[Recorded data]
################
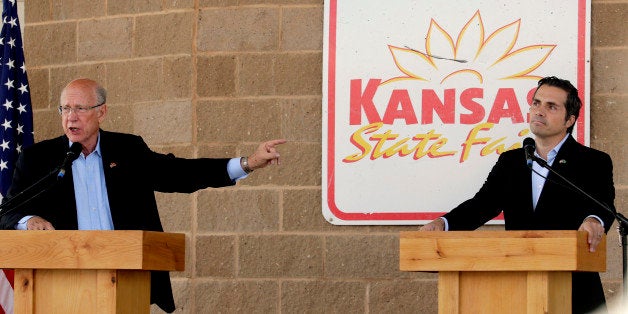 Republican Sen. Pat Roberts, left, answers a question while independent candidate Greg Orman listens during a debate at the Kansas State Fair Saturday, Sept. 6, 2014, in Hutchinson, Kan. (AP Photo/Charlie Riedel)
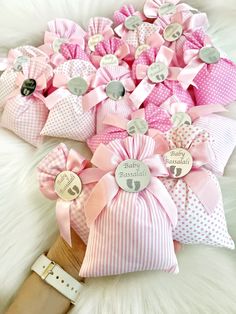 several pink and white bows are on a furnishing with tags attached to them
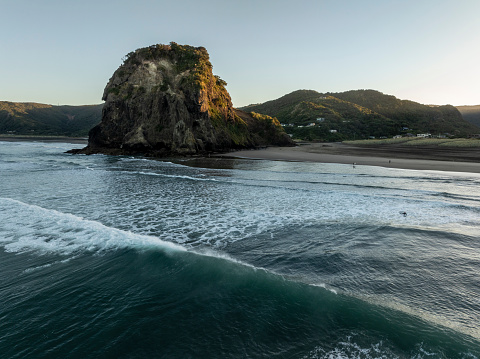 Piha/s iconic Lion Rock shot from the air on a crisp clear morning with fun surf rolling in.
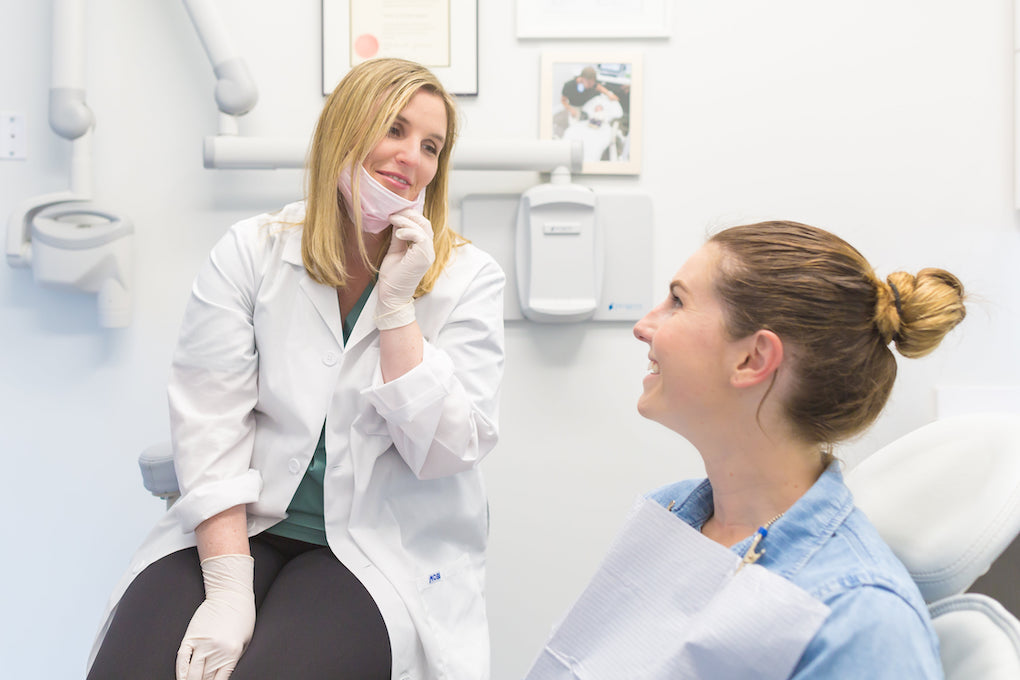 dentist smiling at patient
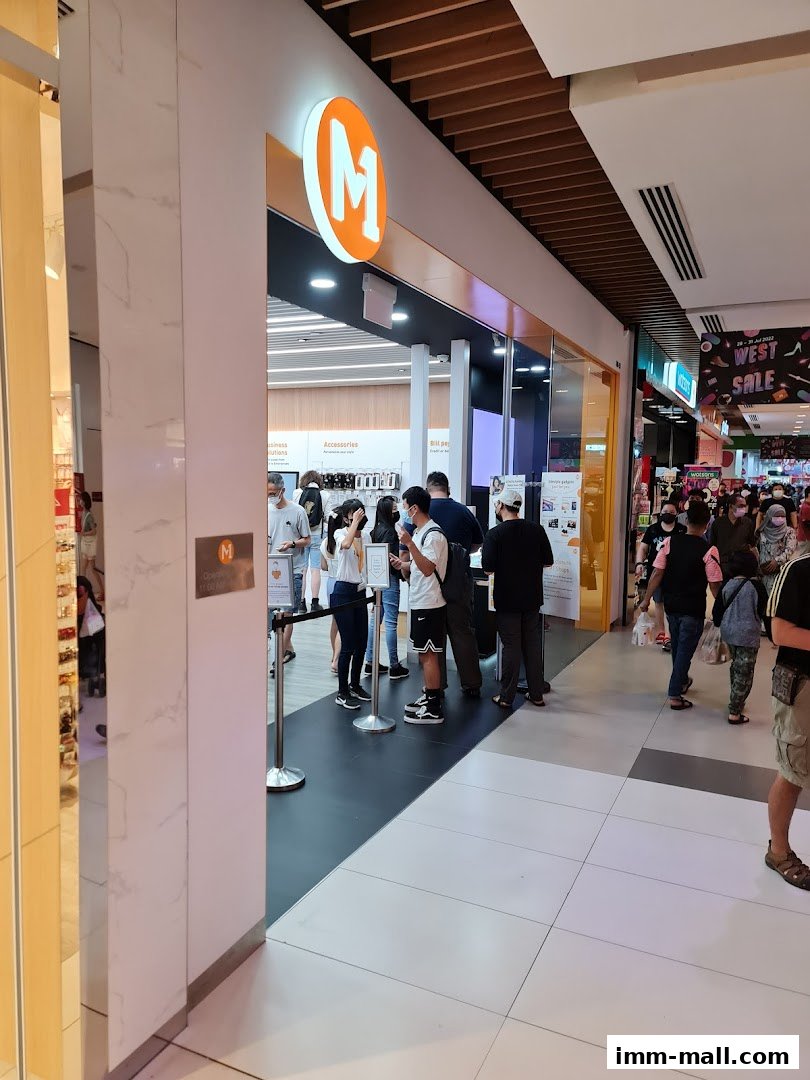 People queuing outside a brightly lit M1 phone shop and internet service provider store.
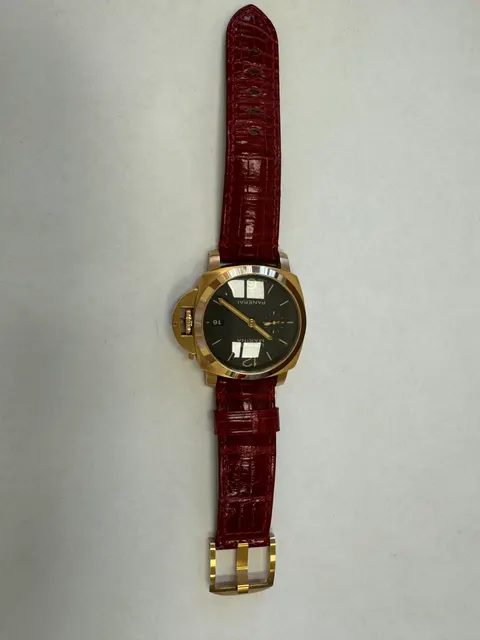 Наручные часы «Panerai Luminor Marina 1950 З Days ref. РАМ00З9З»»,корпус круглый, из металла золотистого цвета, ремешок из материала красного цвета с замком из металла золотистого цвета. На оборотной стороне штампованная надпись «OFFICINE PANERA», «0 130/500», «BB1538538», «OP 6889», «Au750», «50m», б/у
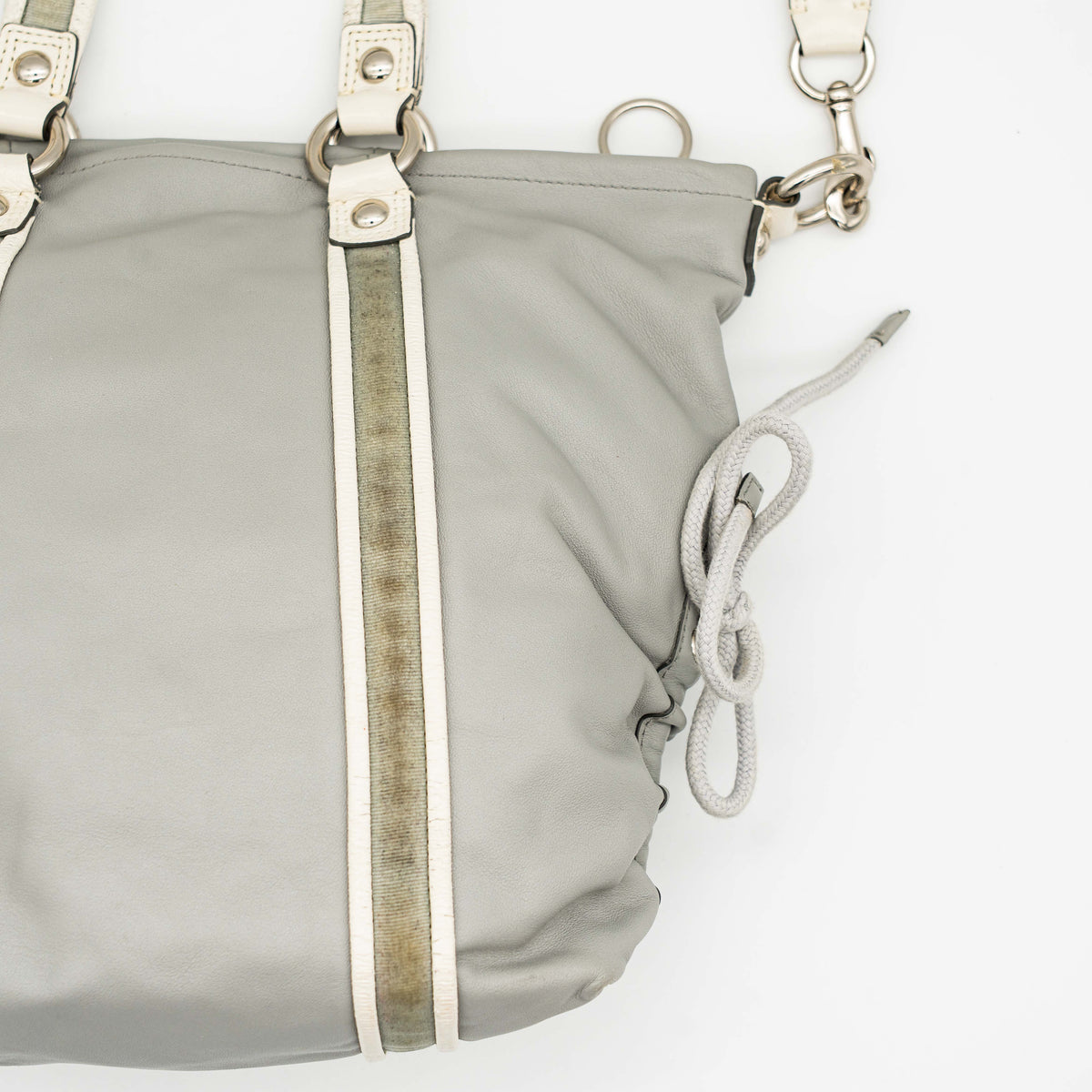 Coach Poppy Spotlight grey shoulder bag with double top handles, white trim, and detachable webbing strap, displayed on a white background.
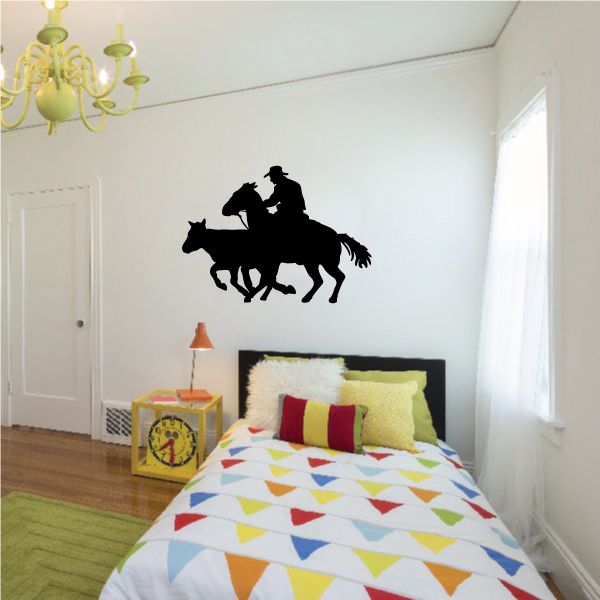 Cowboy on horseback vinyl wall decal, black silhouette.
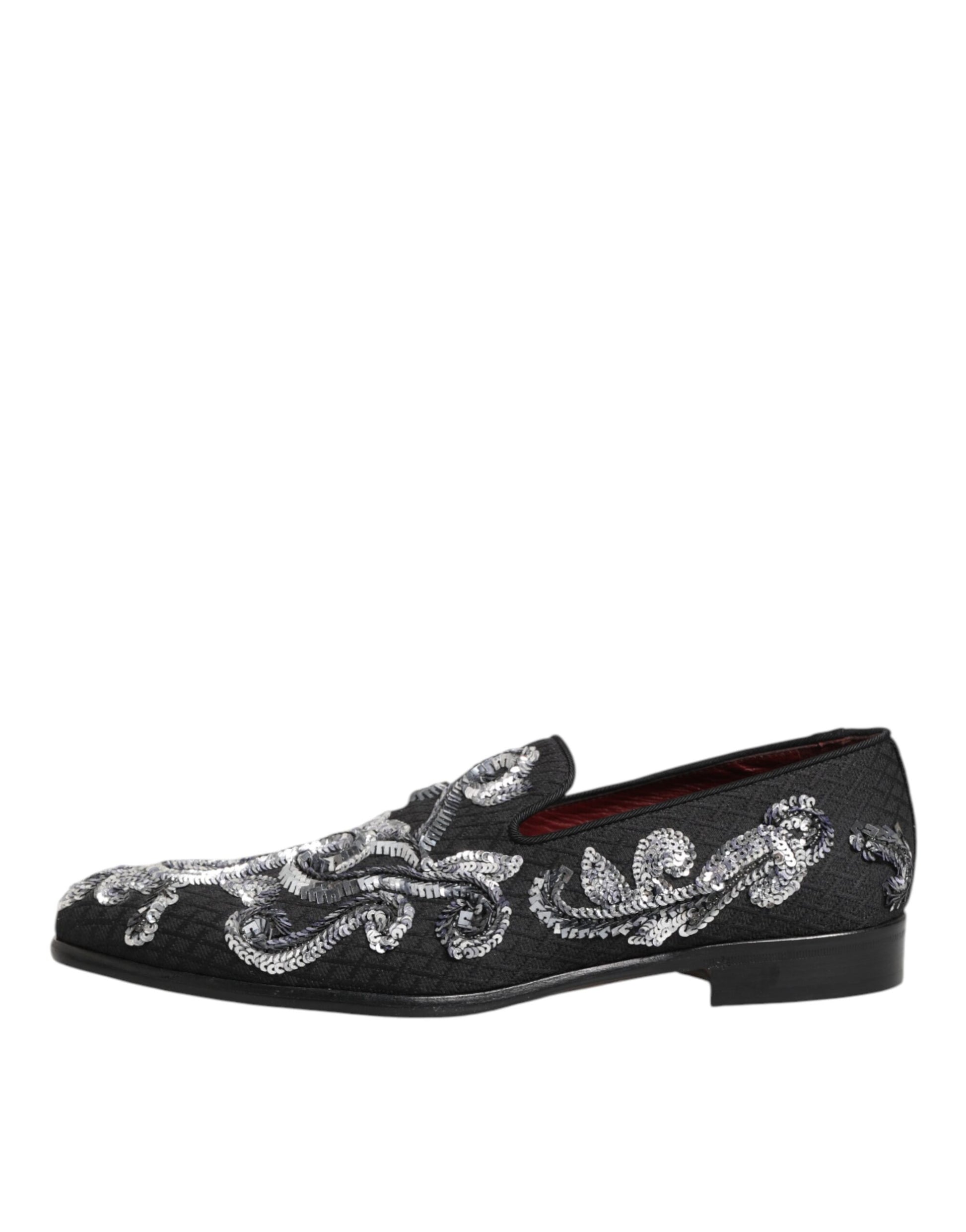 A pair of black sequined loafers with silver embroidery, designed for men's formal wear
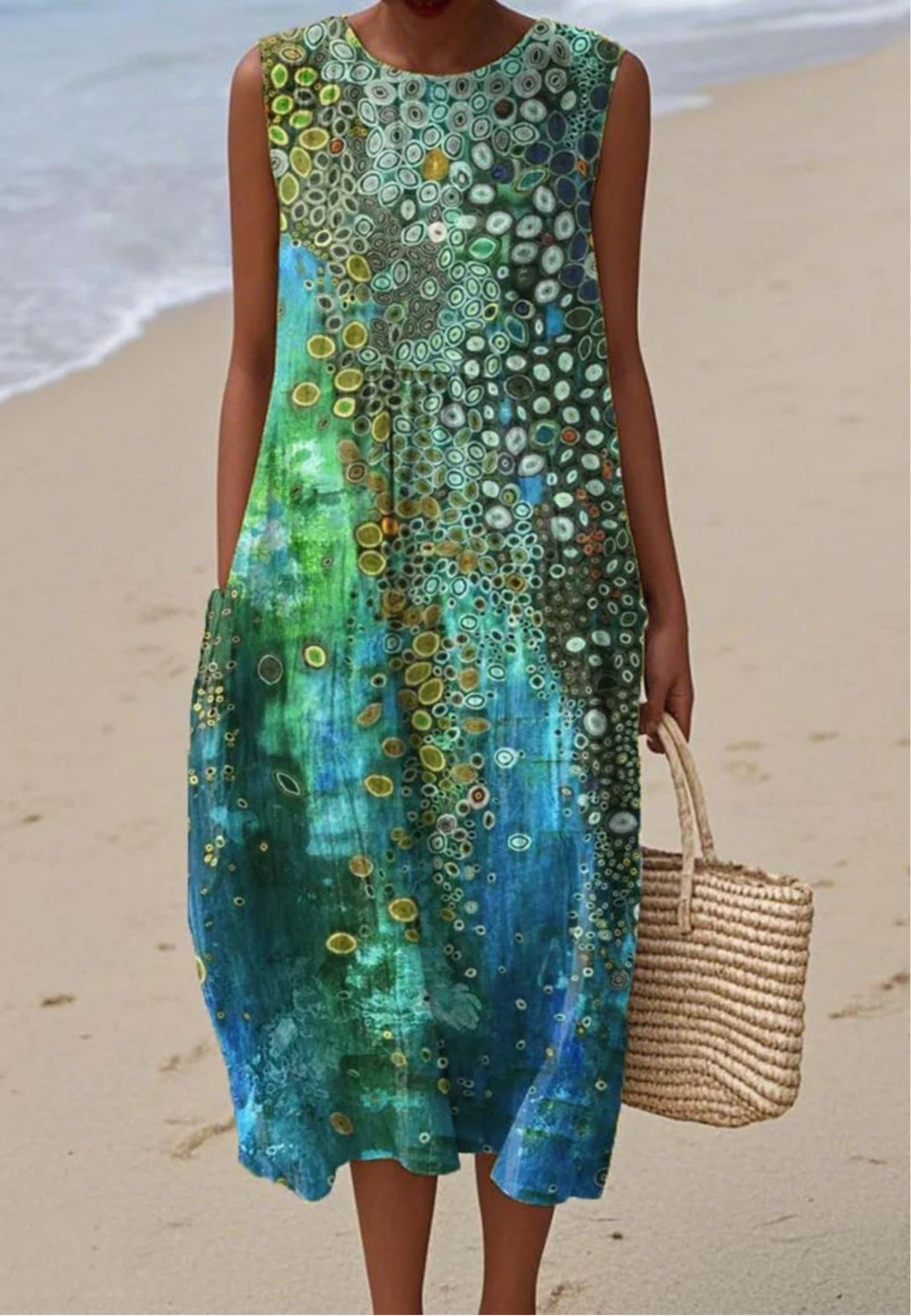 Women's vibrant abstract summer dress with flowing fabric, sleeveless design, perfect for casual wear or beach outings.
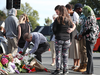 Locals lay flowers in tribute to those killed and injured near the Al Noor Mosque on March 16, 2019 in Christchurch, New Zealand.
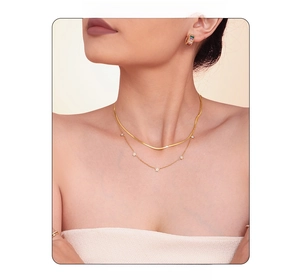 Close-up of double-layer gold necklace set with pentagram zircon charms on a model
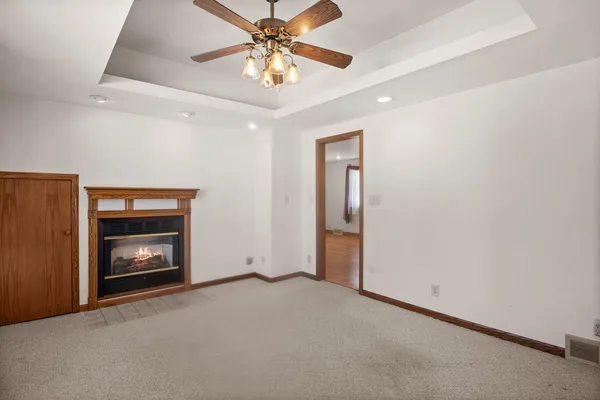 a view of an empty room with a fireplace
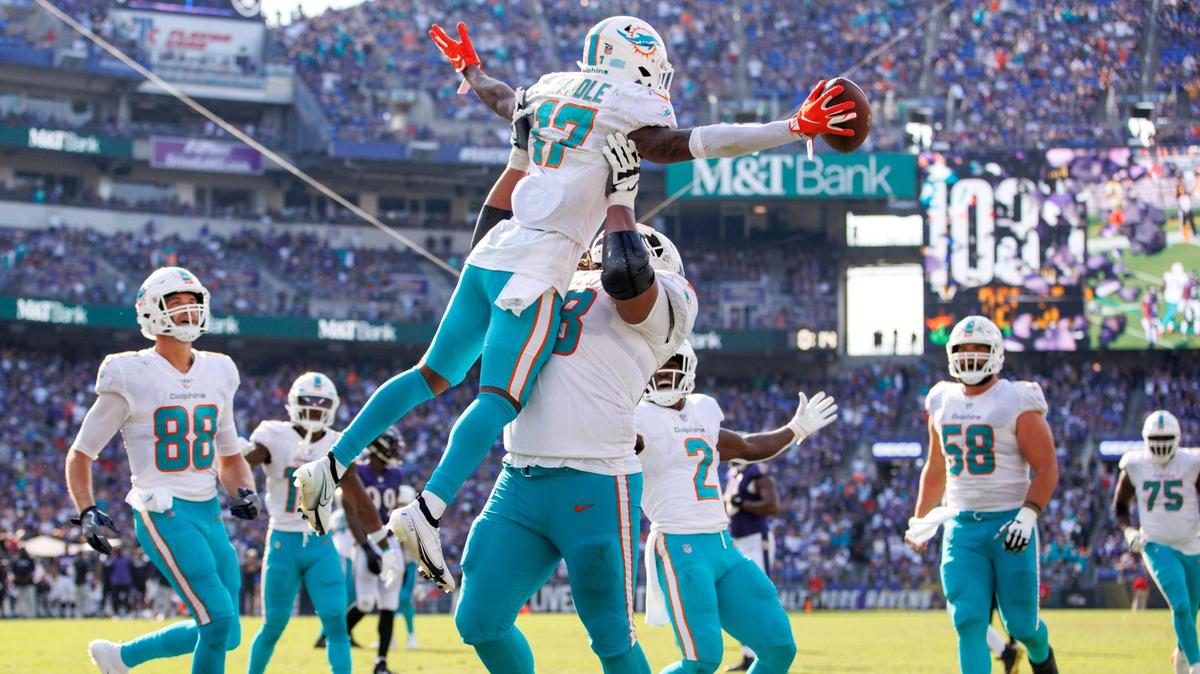 Miami Dolphins wide receiver Jaylen Waddle (17) celebrates with teammates Robert Hunt (68) Mike Gesicki (88) Chase Edmonds (2) and Connor Williams (58) after scoring the go ahead touchdown during the fourth quarter of an NFL football game against the Baltimore Ravens at M&T Bank Stadium on Sunday, September 18, 2022 in Baltimore, MD.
################
• Work task: The records above should be returned exactly, with only their pictures held back.

• Answer area:
 Republican Sen. Pat Roberts, left, answers a question while independent candidate Greg Orman listens during a debate at the Kansas State Fair Saturday, Sept. 6, 2014, in Hutchinson, Kan. (AP Photo/Charlie Riedel)
 several pink and white bows are on a furnishing with tags attached to them
 Piha/s iconic Lion Rock shot from the air on a crisp clear morning with fun surf rolling in.
 dentist smiling at patient
 People queuing outside a brightly lit M1 phone shop and internet service provider store.
 Наручные часы «Panerai Luminor Marina 1950 З Days ref. РАМ00З9З»»,корпус круглый, из металла золотистого цвета, ремешок из материала красного цвета с замком из металла золотистого цвета. На оборотной стороне штампованная надпись «OFFICINE PANERA», «0 130/500», «BB1538538», «OP 6889», «Au750», «50m», б/у
 Coach Poppy Spotlight grey shoulder bag with double top handles, white trim, and detachable webbing strap, displayed on a white background.
 Cowboy on horseback vinyl wall decal, black silhouette.
 A pair of black sequined loafers with silver embroidery, designed for men's formal wear
 Women's vibrant abstract summer dress with flowing fabric, sleeveless design, perfect for casual wear or beach outings.
 Locals lay flowers in tribute to those killed and injured near the Al Noor Mosque on March 16, 2019 in Christchurch, New Zealand.
 Close-up of double-layer gold necklace set with pentagram zircon charms on a model
 a view of an empty room with a fireplace
 Miami Dolphins wide receiver Jaylen Waddle (17) celebrates with teammates Robert Hunt (68) Mike Gesicki (88) Chase Edmonds (2) and Connor Williams (58) after scoring the go ahead touchdown during the fourth quarter of an NFL football game against the Baltimore Ravens at M&T Bank Stadium on Sunday, September 18, 2022 in Baltimore, MD.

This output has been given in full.